The link between research, industry and defence technology resulted in great advances. Radar, sonar and other electronics were among the innovations that grew out of the war. Afterwards, these developments gave Norwegian scientists and engineers valuable experience to build on. Unfortunately Tronstad himself never lived to see the fruits of these efforts. He was killed in battle in March, 1945.
Oil!
Towards the end of the 1950s there began to be a growing interest in the waters off England, the Netherlands, Denmark and Norway. But there were few, if any, who saw the value that lay hidden there. And with the exception of a few platforms in the Gulf of Mexico, there were not many companies that had experience with oil production in deep water – at least not in an area as rough as the North Sea.

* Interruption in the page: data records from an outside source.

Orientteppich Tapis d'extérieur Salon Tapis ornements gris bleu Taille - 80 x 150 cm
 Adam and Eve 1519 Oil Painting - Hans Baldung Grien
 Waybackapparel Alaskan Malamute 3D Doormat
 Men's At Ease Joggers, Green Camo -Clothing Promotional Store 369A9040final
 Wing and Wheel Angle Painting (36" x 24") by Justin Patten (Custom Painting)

Yet when North Sea oil was finally discovered, NTH’s leadership, led by Rector Johannes Moe, made certain that petroleum-related studies were expanded in record time. Virtually all departments at NTH were influenced by the oil age. The mineral resources department, once one of the smallest in both size and status, became responsible for petroleum engineering. It was a prestigious subject, and there were some interesting cultural encounters between the new men of the Oil Age, with their briefcases and suit jackets, and the traditional minerals and mining students in their grubby miner’s clothing.
New cards, new technologies
Although oil on the Norwegian continental shelf was first produced with foreign expertise, Norwegian technology and knowledge rapidly came to the fore, especially because of expertise at NTH in marine technology and concrete structures. NTH’s opening of a ship model tank in 1939 – ironically used by the Nazis to store potatoes during the war years – became an important basis for the transition from shipbuilding to offshore structures forty years later.
Few factors have had a greater impact on developments in Trondheim than the new oil economy. There are also few, if any, areas where Trondheim’s research communities have contributed more to Norwegian growth and prosperity.
Life without music
The hunt to understand NTNU’s historical significance could end where much of the technical institute’s early history was written, in the Department of Energy and Process Engineering. These days, the department’s researchers are critical to achieving Norway’s self-stated ‘lunar landing’, the Holy Grail that is CO2 capture and storage. Much of Norway’s energy future is being developed here in Trondheim.
But the university’s historical significance is so much more than providing for the practicalities of everyday life, and NTNU is much more than the old NTH. The search for new knowledge and understanding is fundamentally meaningful, and much of what gives life meaning is being explored at NTNU. As Nietzsche so correctly put it, “Life without music would be a mistake.” Performing artists and musicians are an important part of NTNU’s profile, and the university’s importance should not be reduced to solely providing the tools for growth and prosperity. Linguists, social scientists and other cultural disciplines also belong in a broader history than we have room for here. Indeed, NTNU’s true historical contribution to Norway is in this, its academic diversity and tradition of useful curiosity.